本計画は、南部チョットグラム地域の総合開発地域及びミャンマー・ラカイン州からの避難民流入により影響を受ける地域において、基礎インフラの整備等を行うことにより、地域住民の利便性や生活の質向上を図り、もって対象地域の経済成長及び格差是正に寄与するものであり、同国の開発政策における優先度の高い事業として位置付けられる。 - イ
- 我が国の基本政策との関係
我が国は2018年2月に策定した「対バングラデシュ国別開発協力方針」において、今後の対バングラデシュODAの重点目標として、(ア)中所得国化に向けた、全国民が受益可能な経済成長の加速化(質の高い運輸・交通インフラの整備による人とモノの効率的移動の促進、発電所・送配電網整備等による電力・エネルギーの安定供給等)、(イ)社会脆弱性の克服(貧困削減、初等教育、母子保健、安全な飲料水の供給などSDGsの達成に貢献、防災・気候変動対策等)を掲げている。
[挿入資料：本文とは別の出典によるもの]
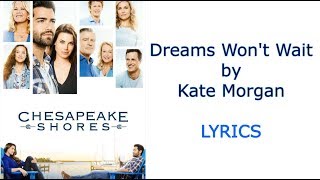 Dreams Wont Wait Lyrics by Kate Morgan from Chesapeake Shores [upl. by Taro]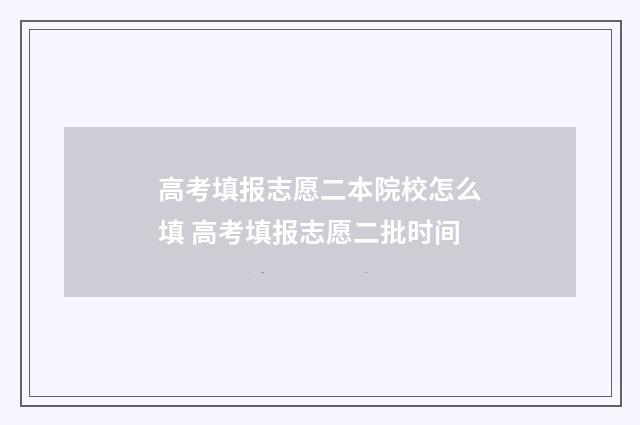 高考填报志愿二本院校怎么填 高考填报志愿二批时间
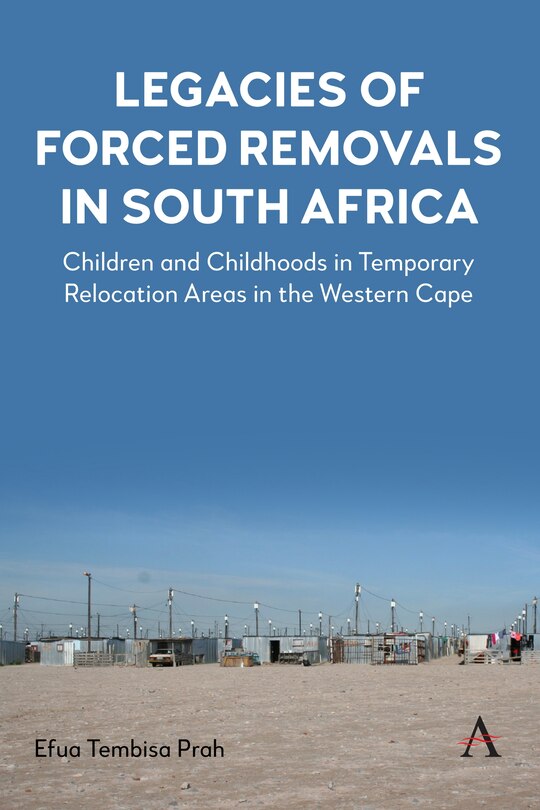 Front cover_Legacies of Forced Removals in South Africa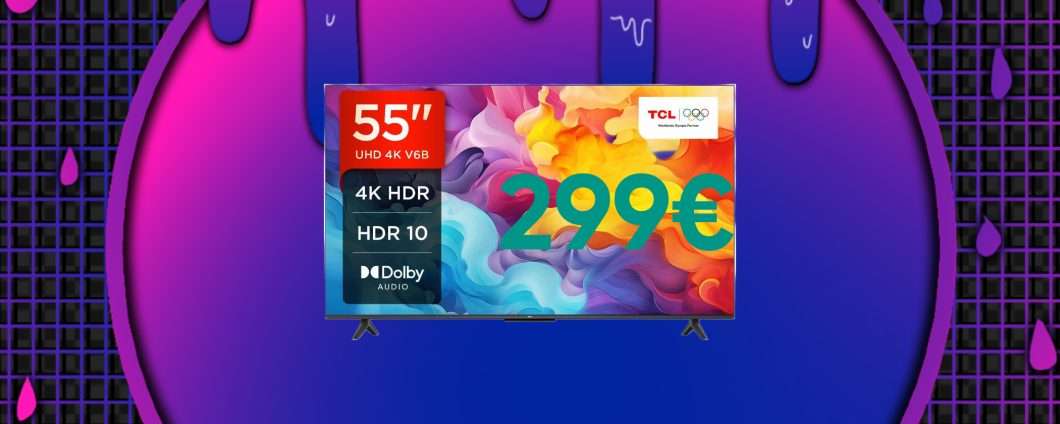 Smart Google TV TCL 4K 55" a soli 299€ su Amazon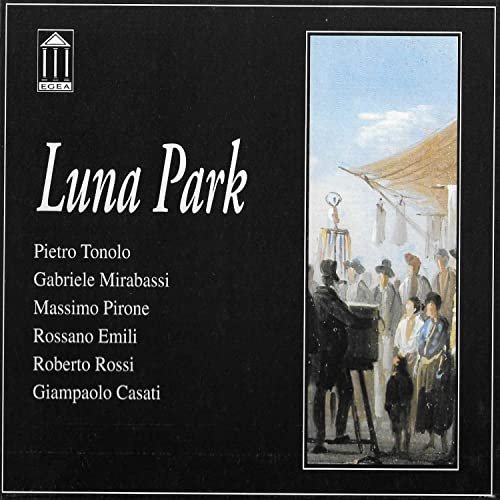 Pietro Tonolo, Gabriele Mirabassi, Massimo Pirone, Rossano Emili, Roberto Rossi, Giampaolo Casati - Luna Park (2000)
本計画は南部チョットグラム地域において、基礎インフラの整備等を行うことにより、地域住民の利便性及び生活の質の向上を図るものであることから、上記(ア)に合致するとともに、貧困削減等の観点から、上記(イ)にも資するものである。また、2014年の日・バングラデシュ首脳会談において両首脳は経済インフラの開発、投資環境の改善、連結性の向上を柱とする「ベンガル湾産業成長地帯」(BIG-B)構想を推進することで合意したが、本計画は同構想に基づく開発の拠点となる地域の基礎インフラの整備等を行うものであり、首脳会談のフォローアップの観点から、外交的重要性が高い。
(2)効率性
インドネシア向け円借款「地方インフラ整備事業(III)」(評価年度2007年)の事後評価結果等から、小規模分散型の案件では、体系的なマネジメントシステムの構築とその適切な運用が重要であり、特にフィールドレベルから中央への階層的な責任分担関係の明確化が重要であるとの教訓を得ている。本事業では対象都市の開発計画等の上位計画から個別事業の予算承認・執行、事業実施監理の各段階における関係機関の役割と責任を明確にし、LGED本部内において事業実施責任を統括するプロジェクト管理本部を設置するとともに、各対象地域においてプロジェクト実施ユニットを設立する予定。また、同事後評価からは各関係機関の調整が重要であるとも教訓を得ている。本教訓を踏まえ、プロジェクト管理本部の上位組織としてLGED本部内に各関係機関が参加する事業実施委員会を設置し、各サブプロジェクトのセクター横断的事項に係る協議や事業全体の進捗管理及びモニタリングを行う予定。
(3)有効性
南部チョットグラム地域において、基礎インフラの整備等を行うことにより、地域住民の利便性及び生活の質の向上、経済成長及び格差是正を図り、もって全国民が受益可能な経済成長の加速化と社会脆弱性の克服に寄与することが期待される。
3 事前評価に用いた資料、有識者等の知見の活用
バングラデシュ政府からの要請書、JICAガイドライン、その他JICAから提出された資料。
案件に関する情報は、交換公文締結後公表される外務省の約束状況に関する資料及び案件概要、借款契約締結後公表されるJICAのプレスリリース及び事業事前評価表
を参照。
なお、本計画に関する事後評価は、実施機関であるJICAが行う予定。